PROBLEM
Two lines in the data below mark the range: the one with "Р о з в ' я" and the one with "фіцієнт цього одночлена". Return both, along with every line between them, exactly.

MATERIAL FOR THIS EXERCISE
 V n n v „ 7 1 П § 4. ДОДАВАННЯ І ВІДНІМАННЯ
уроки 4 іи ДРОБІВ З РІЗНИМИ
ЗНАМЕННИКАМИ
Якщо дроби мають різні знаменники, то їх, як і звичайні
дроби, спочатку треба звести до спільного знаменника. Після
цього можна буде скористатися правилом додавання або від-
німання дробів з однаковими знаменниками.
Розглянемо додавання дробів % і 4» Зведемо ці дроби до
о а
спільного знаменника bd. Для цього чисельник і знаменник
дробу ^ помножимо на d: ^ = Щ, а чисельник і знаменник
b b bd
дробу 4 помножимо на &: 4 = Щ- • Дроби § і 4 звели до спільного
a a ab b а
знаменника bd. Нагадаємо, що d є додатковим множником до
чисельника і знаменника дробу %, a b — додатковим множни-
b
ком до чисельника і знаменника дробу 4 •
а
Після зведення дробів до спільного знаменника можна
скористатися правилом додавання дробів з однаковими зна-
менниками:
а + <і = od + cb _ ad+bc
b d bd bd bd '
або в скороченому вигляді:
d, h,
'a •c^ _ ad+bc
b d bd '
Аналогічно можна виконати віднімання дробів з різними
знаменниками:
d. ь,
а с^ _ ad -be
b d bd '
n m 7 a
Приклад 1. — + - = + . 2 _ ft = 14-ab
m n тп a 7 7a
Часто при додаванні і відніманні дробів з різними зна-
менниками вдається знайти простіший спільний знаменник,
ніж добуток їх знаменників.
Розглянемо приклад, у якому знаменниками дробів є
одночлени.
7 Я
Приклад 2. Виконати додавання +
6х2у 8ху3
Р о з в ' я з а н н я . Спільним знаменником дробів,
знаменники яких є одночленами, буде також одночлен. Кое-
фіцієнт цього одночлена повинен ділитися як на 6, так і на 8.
==
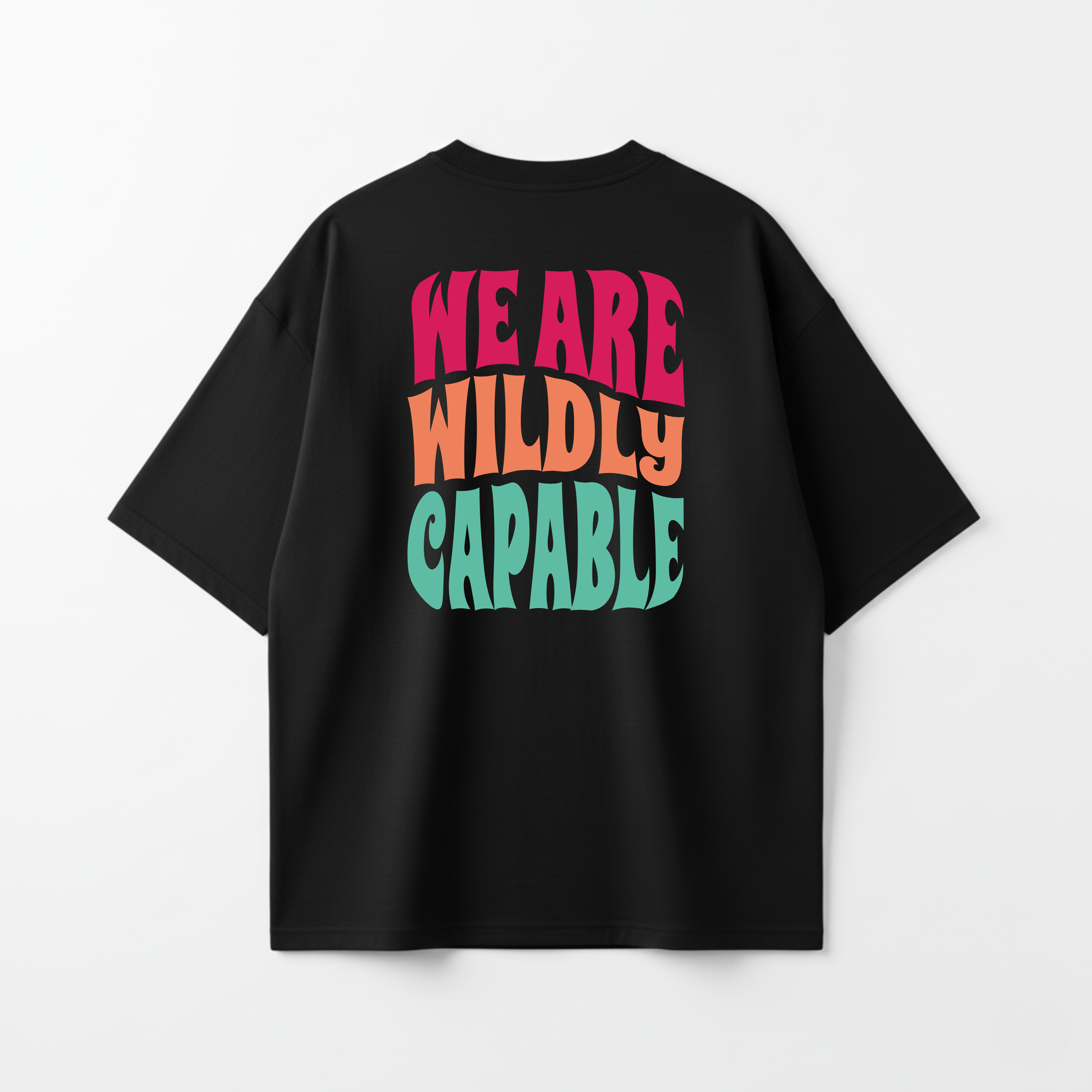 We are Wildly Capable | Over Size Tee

ANSWER TO THIS PROBLEM
Р о з в ' я з а н н я . Спільним знаменником дробів,
знаменники яких є одночленами, буде також одночлен. Кое-
фіцієнт цього одночлена повинен ділитися як на 6, так і на 8.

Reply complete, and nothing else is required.